My younger sister, a self-described obsessive, finds this intolerable, and has long claimed that my tender-heartedness toward little dishes and baskets and bowls of odds and ends with no discernible purpose—pretty or not—is the root of all evil. But I’m not convinced. Sometimes doo-dads pay off. A few years ago, I got seized by the irrational impulse to clean out the kitchen junk drawer in the wee hours of Christmas Eve. I was short of cash, and worried about the modest sum of money I’d spent on gifts for my kids and family, and maybe I was channeling that anxiety into the desire to make the house perfectly tidy right into its crevices. In any case, when I’d finally emptied the drawer, wiped out the last crumb, and sorted every coin, coupon, scrap, petrified gum stick, and old check stub, I discovered one stub that was in fact an uncashed check from two years prior, for exactly the amount I had just spent on Christmas.

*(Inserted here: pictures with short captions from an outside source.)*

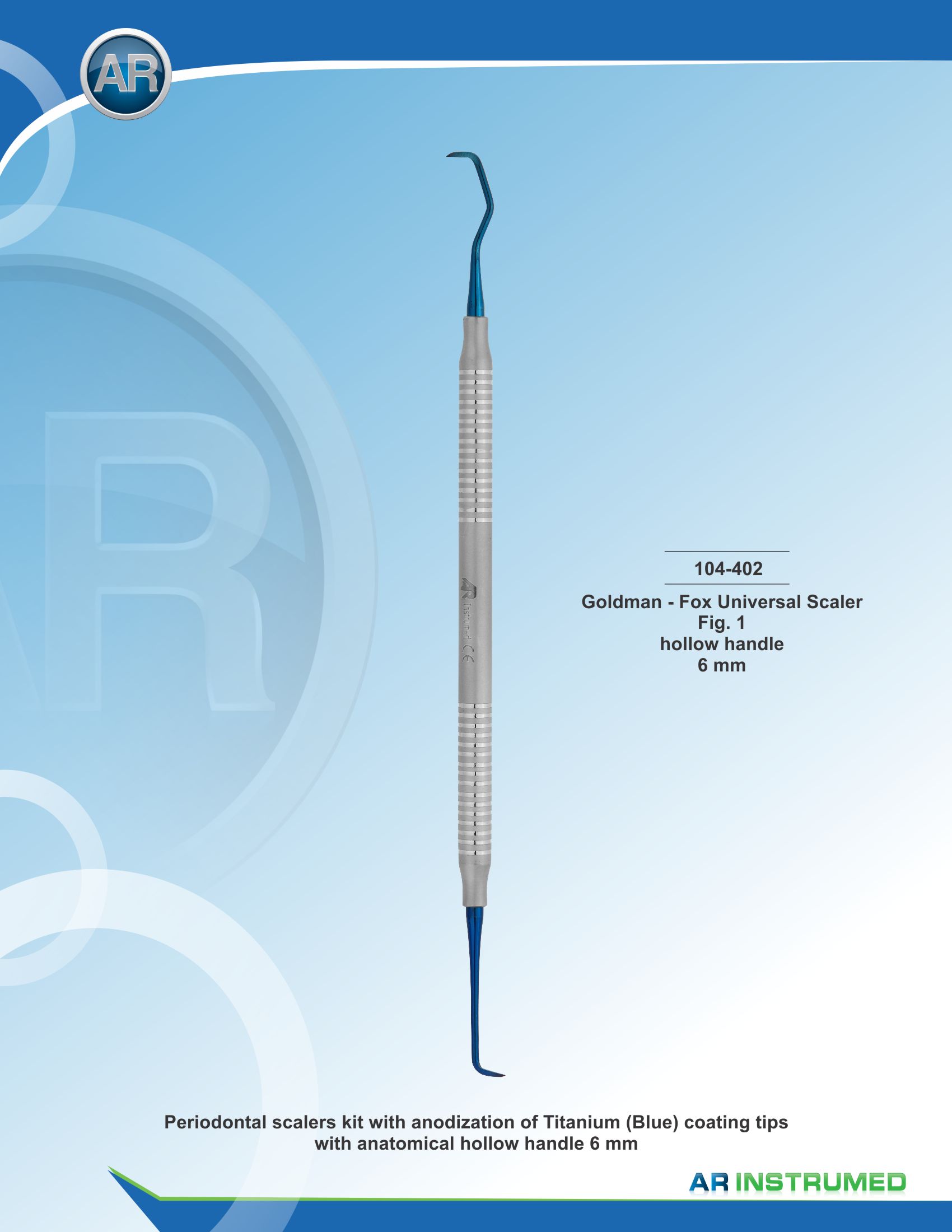 Goldman-Fox Universal Scaler Fig.1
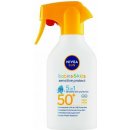 Nivea Sun Sensitive Protect detský spray na opaľovanie SPF50+ 270 ml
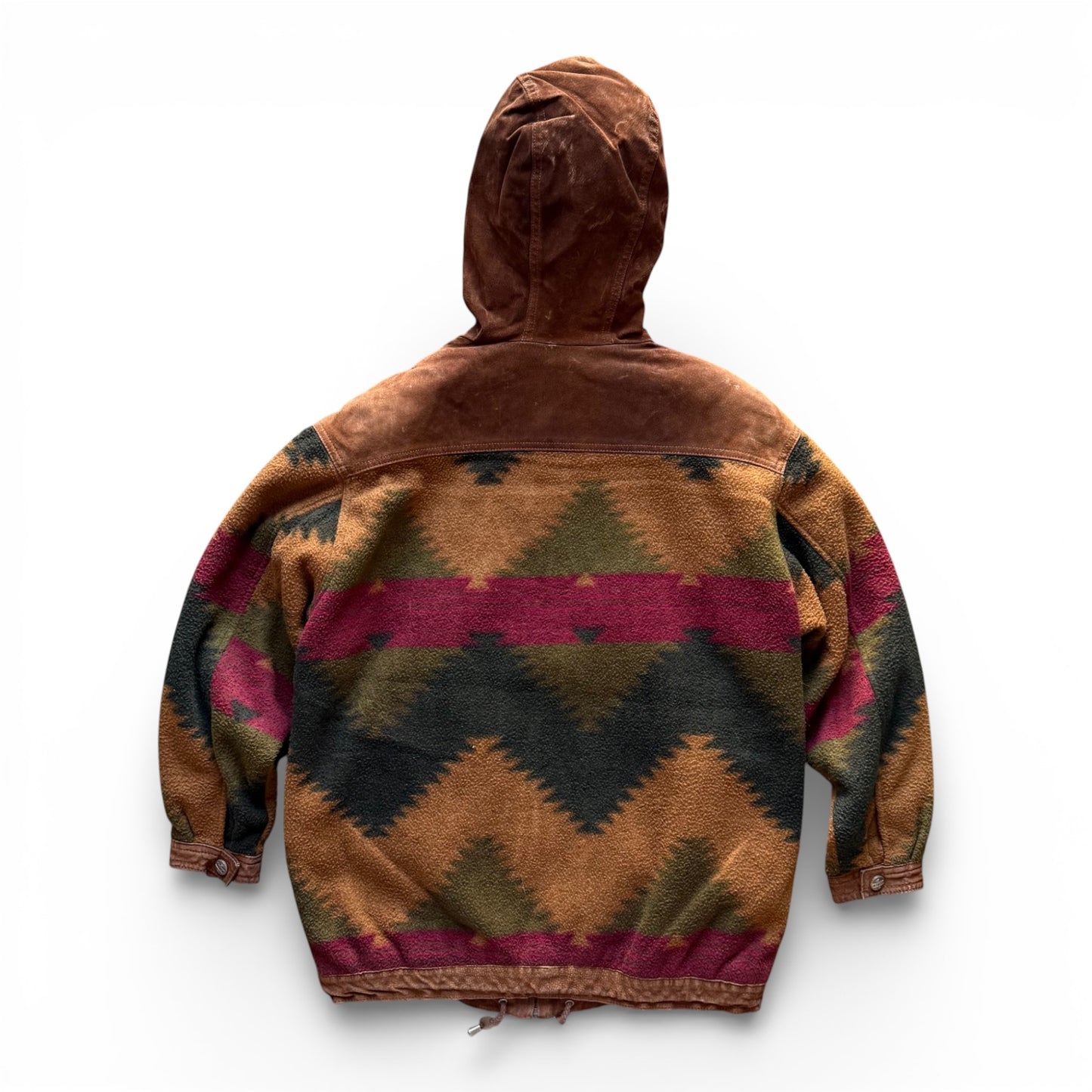 90's Leather Winlit Jacket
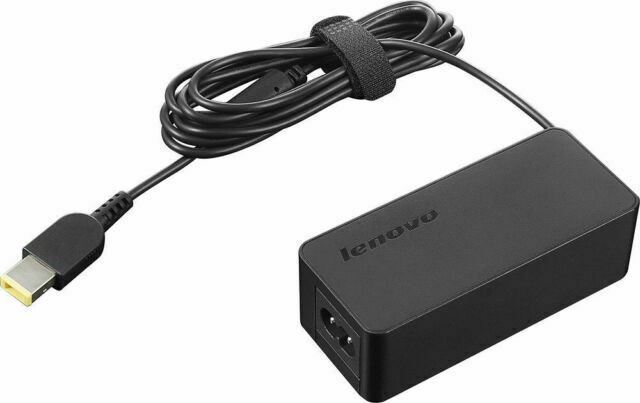Lenovo AC/DC Power Adapter ADLX45NDC3A Output: 20V-2.25A 45W SA10M42787 01FR038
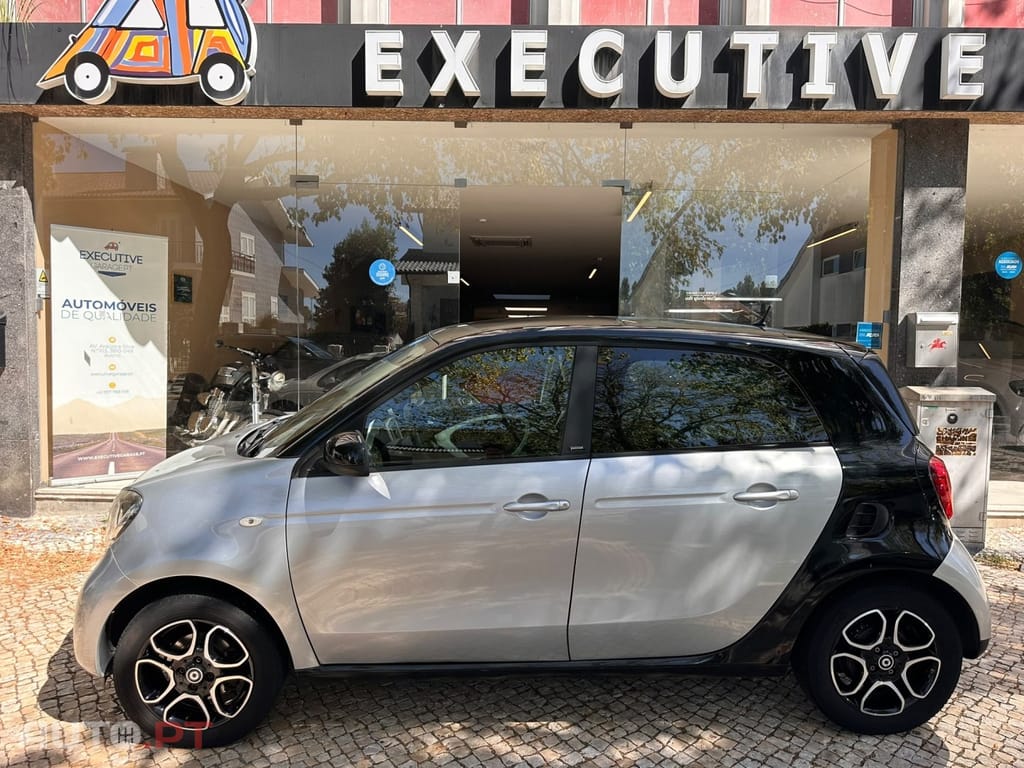 Smart ForFour 1.0 Passion 71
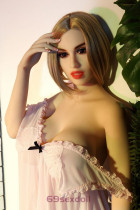 Natalia - Red Lips 108# Head 150cm WM TPE Lesbian Real Doll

So while a dear, well-meaning friend once whispered to me in a cautious way that life’s journey is less stressful in a clean car, I find something potent about small pockets of clutter, something fertile. When left undisturbed for long enough, they become still life artifacts of the past in a way a journal can never quite achieve. Recently I emptied out a closet to move my enormous and unwieldy collection of clothes from one hanging rack to another, and I discovered an old handbag that I haven’t used, according to the receipts it contained, since 1998.
The zinc throat lozenges had liquefied in their wrappers and the lacy ankle socks are now far too small for anyone in the family, reminding me with a cold punch that I no longer carry anybody else’s tiny socks on my person. But the four dollars in loose change was legal tender, and the small pewter statuette of the Virgin Mary was an enigma.
Based on my own eccentricities I cannot very well expect my kids to be neatniks, nor have I loaded them up with chore charts or subjected them to the dreaded ritual of Saturday morning housework. My guidelines are far less clear but ultimately more authentic for a slob like me: Put your shoes away when you walk into the house and help out cheerfully when you’re asked. Most of the time, this works fine.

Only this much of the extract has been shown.